# Instructions to follow
Would you please copy only the lines from the line that contains "Ładowarka sieciowa BELKIN" to the end of the data below, exactly, leaving every picture out?

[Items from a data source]

+ + +

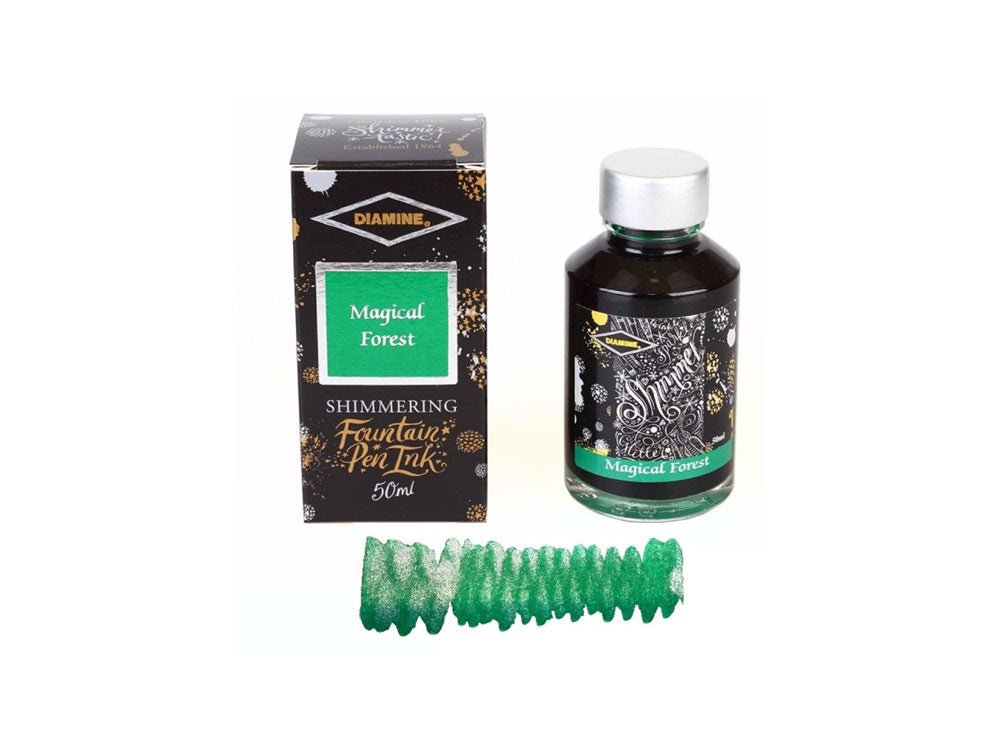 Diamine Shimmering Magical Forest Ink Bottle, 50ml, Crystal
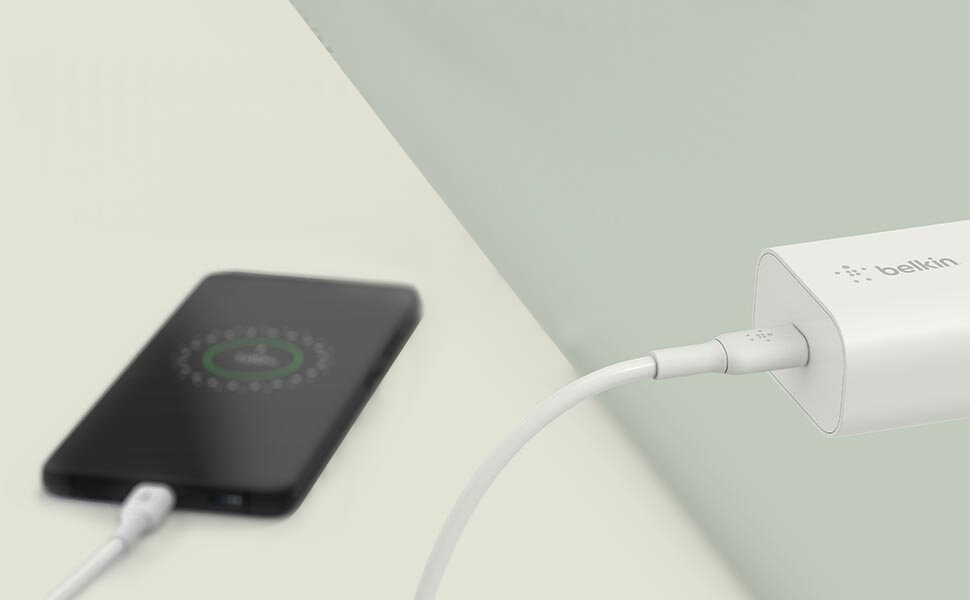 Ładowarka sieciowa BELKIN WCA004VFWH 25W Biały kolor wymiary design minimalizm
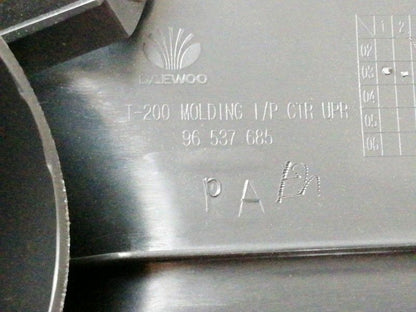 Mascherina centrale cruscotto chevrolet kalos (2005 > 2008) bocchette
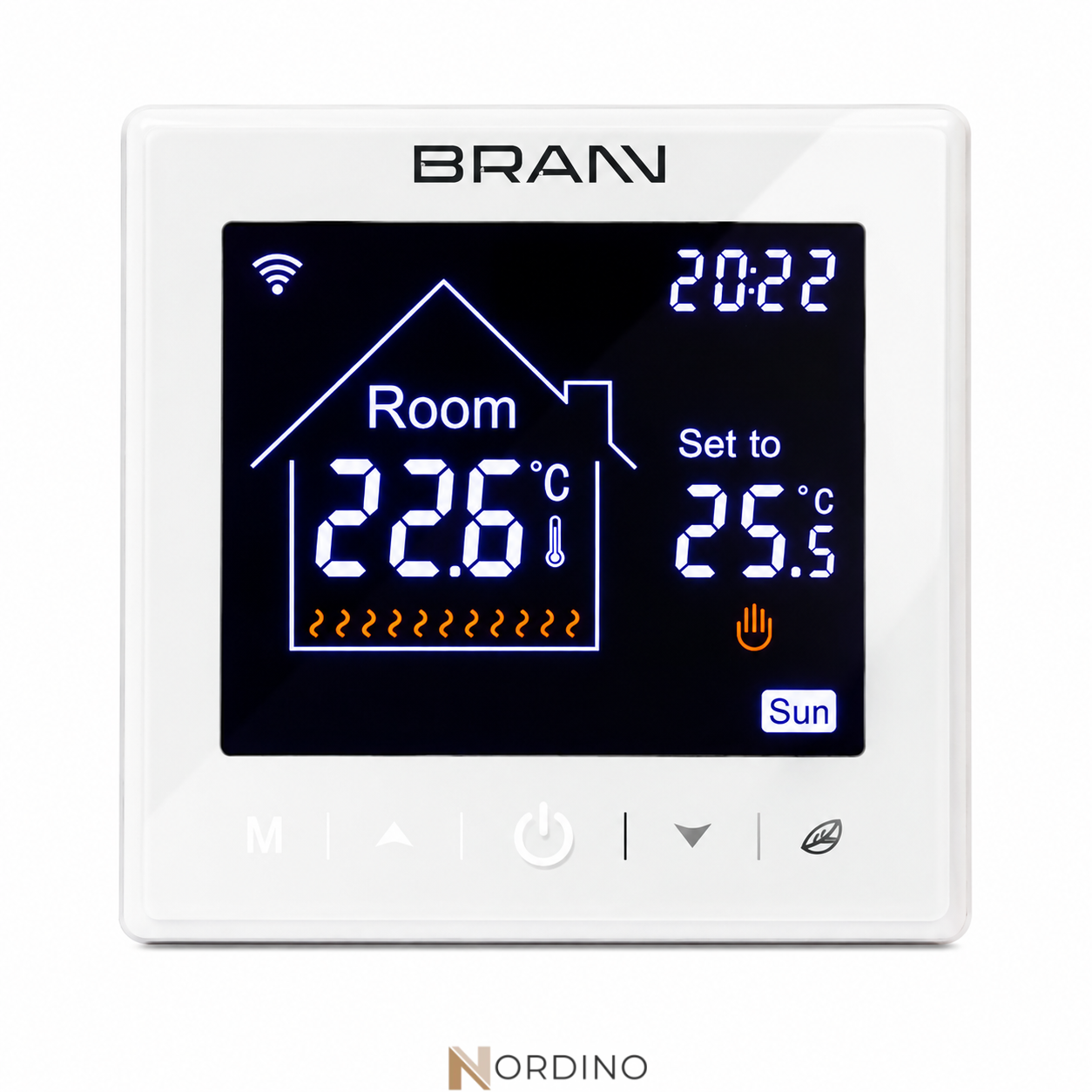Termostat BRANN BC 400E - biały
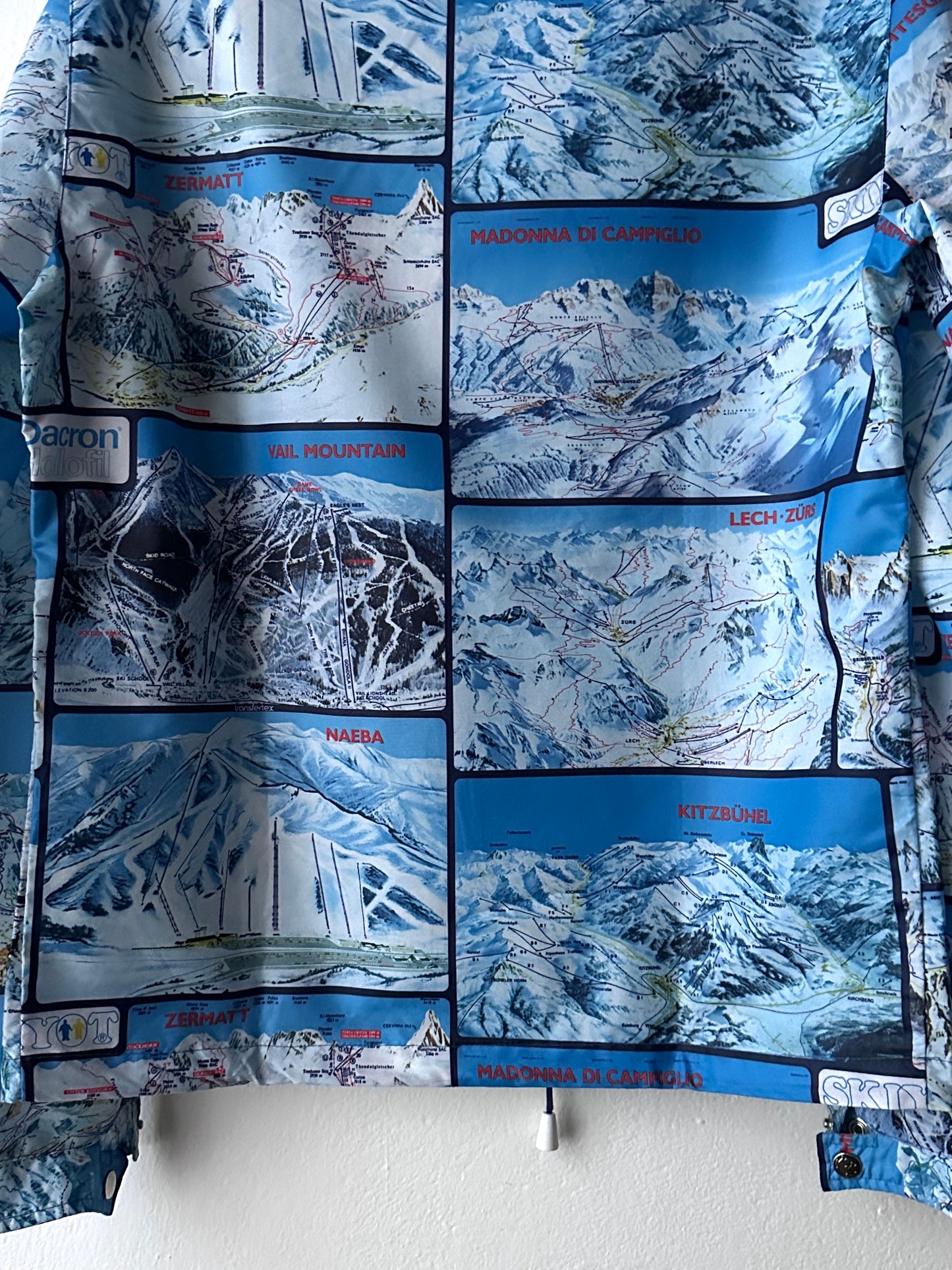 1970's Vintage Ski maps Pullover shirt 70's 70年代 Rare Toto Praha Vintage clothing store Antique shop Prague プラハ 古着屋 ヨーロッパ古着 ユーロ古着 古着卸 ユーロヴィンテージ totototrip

+ + +

# Solution
 Ładowarka sieciowa BELKIN WCA004VFWH 25W Biały kolor wymiary design minimalizm
 Mascherina centrale cruscotto chevrolet kalos (2005 > 2008) bocchette
Termostat BRANN BC 400E - biały
 1970's Vintage Ski maps Pullover shirt 70's 70年代 Rare Toto Praha Vintage clothing store Antique shop Prague プラハ 古着屋 ヨーロッパ古着 ユーロ古着 古着卸 ユーロヴィンテージ totototrip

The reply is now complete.